■ Activity ■
Take the entries below and reproduce exactly the portion that begins at the line containing "Toucan with cherry, illustration, vector" and ends at the line containing "Deep-Sea Sabretooth Fish", keeping both ends, dropping pictures, and adding nothing else.

-------- Supplied material

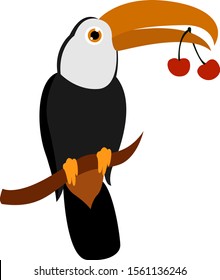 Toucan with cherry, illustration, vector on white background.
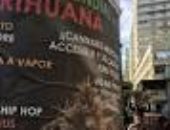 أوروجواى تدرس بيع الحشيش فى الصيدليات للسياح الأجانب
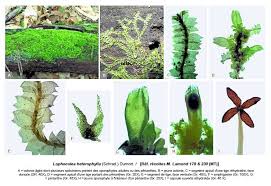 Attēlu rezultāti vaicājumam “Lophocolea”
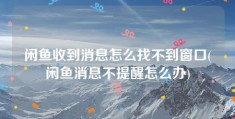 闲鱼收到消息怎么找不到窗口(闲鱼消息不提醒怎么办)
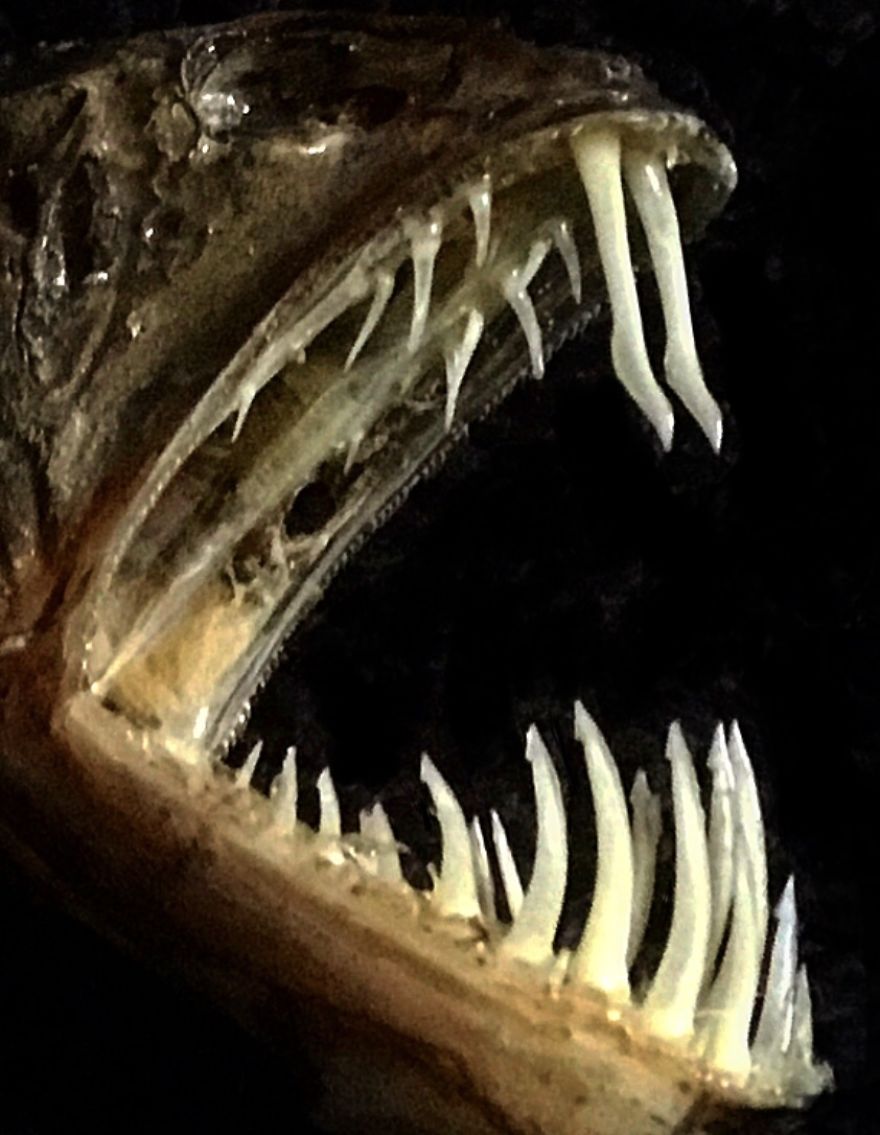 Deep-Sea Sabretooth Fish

----------------
-------- Supplied material

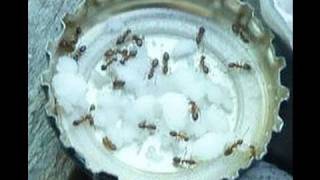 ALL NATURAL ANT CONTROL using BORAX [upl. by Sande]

----------------

■ Solution to this exercise ■
 Toucan with cherry, illustration, vector on white background.
 أوروجواى تدرس بيع الحشيش فى الصيدليات للسياح الأجانب
 Attēlu rezultāti vaicājumam “Lophocolea”
 闲鱼收到消息怎么找不到窗口(闲鱼消息不提醒怎么办)
 Deep-Sea Sabretooth Fish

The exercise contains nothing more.